The task:
Repeat exactly the lines of the material below that run from the "Volkswagen Polo 2015, 94,000" line to the "Lobby or reception" line, including both, and do not carry over any pictures.

--- Records for this exercise Enclosed Below ---

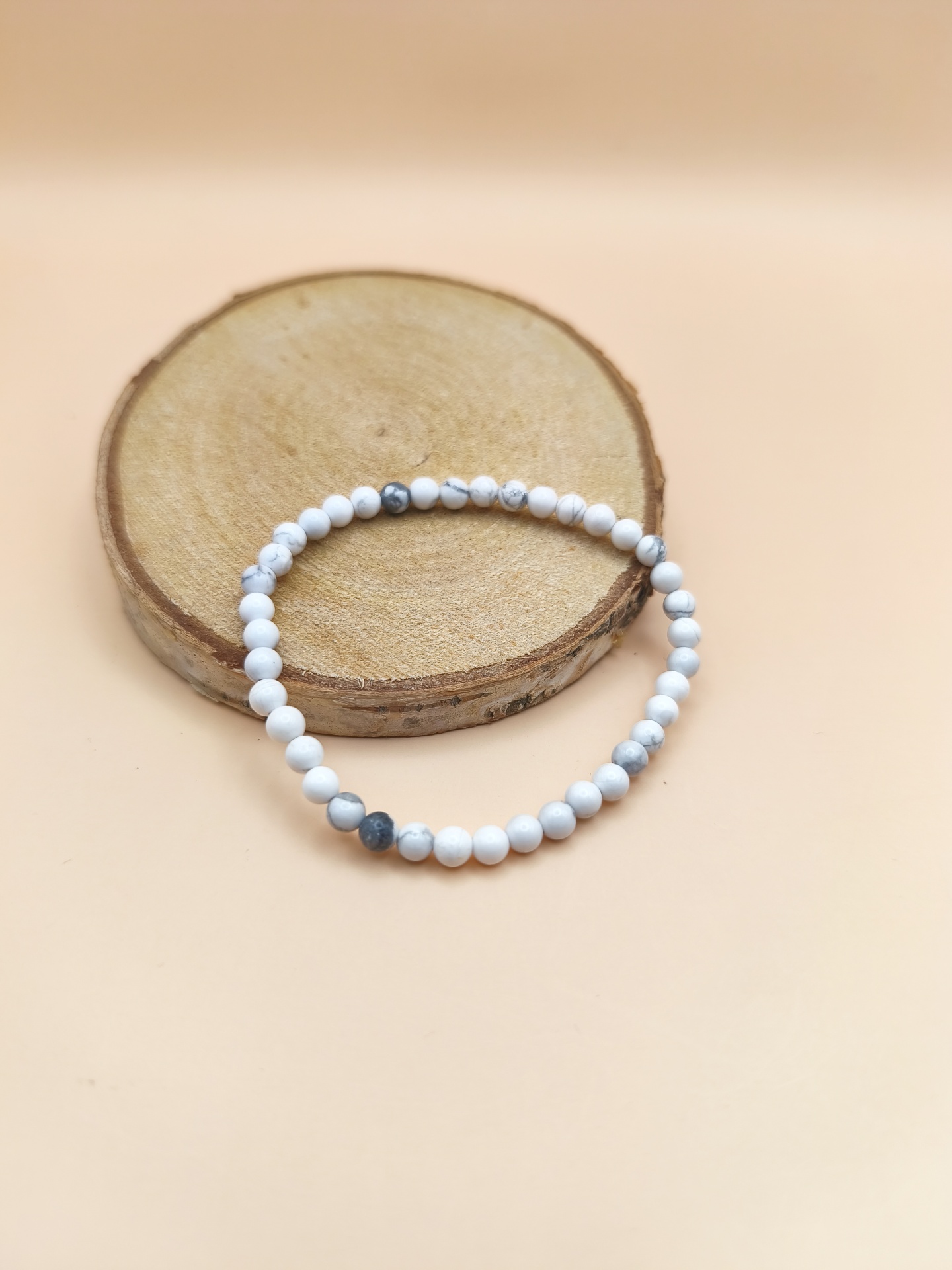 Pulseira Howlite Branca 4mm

--- End of Enclosed Records for this exercise ---
--- Records for this exercise Enclosed Below ---

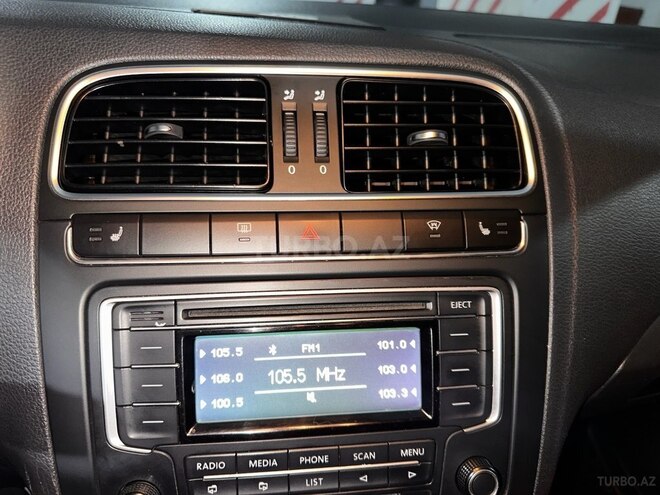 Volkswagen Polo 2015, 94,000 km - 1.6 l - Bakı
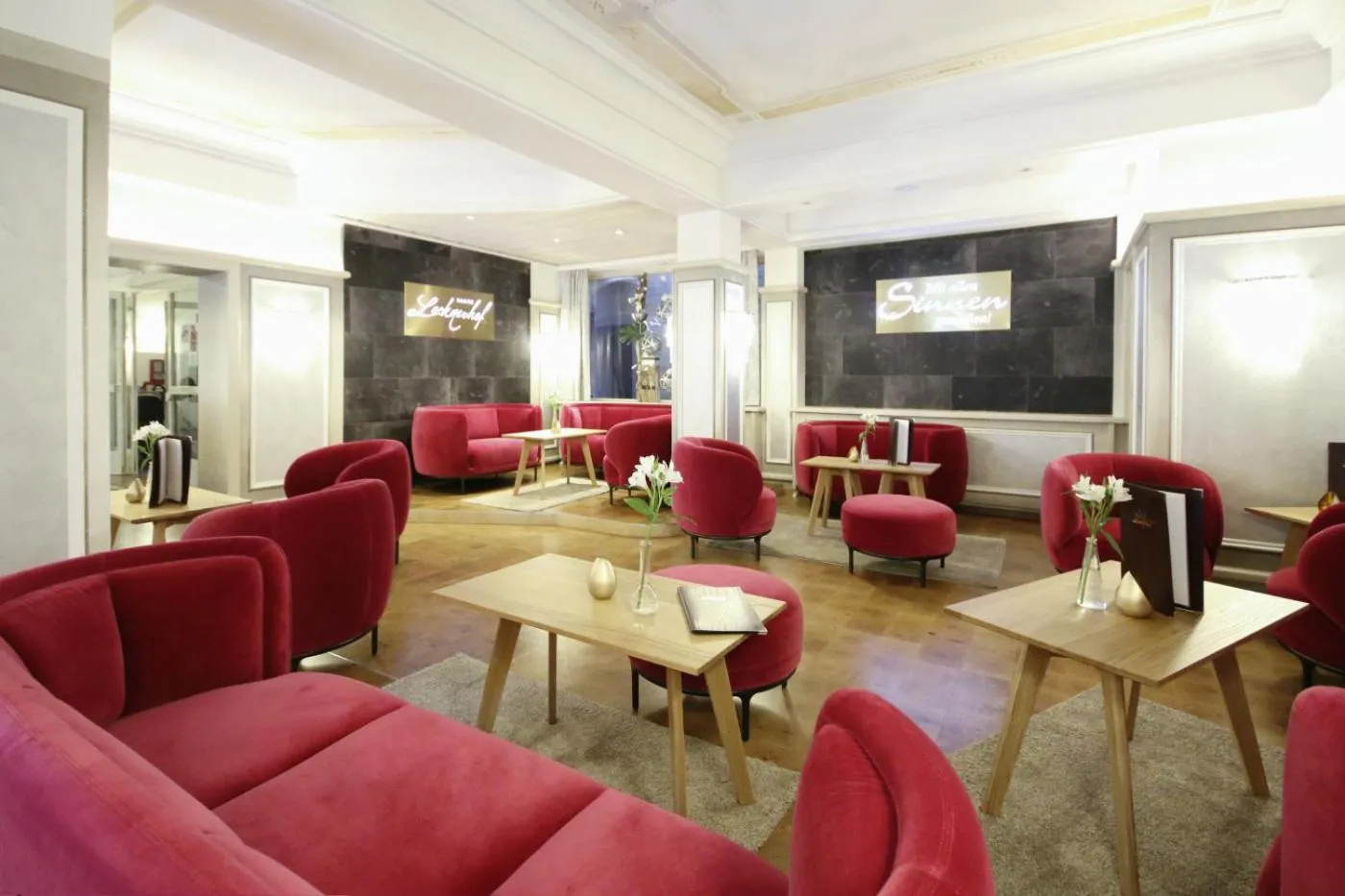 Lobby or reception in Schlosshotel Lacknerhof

--- End of Enclosed Records for this exercise ---

Task solution:
 Volkswagen Polo 2015, 94,000 km - 1.6 l - Bakı
 Lobby or reception in Schlosshotel Lacknerhof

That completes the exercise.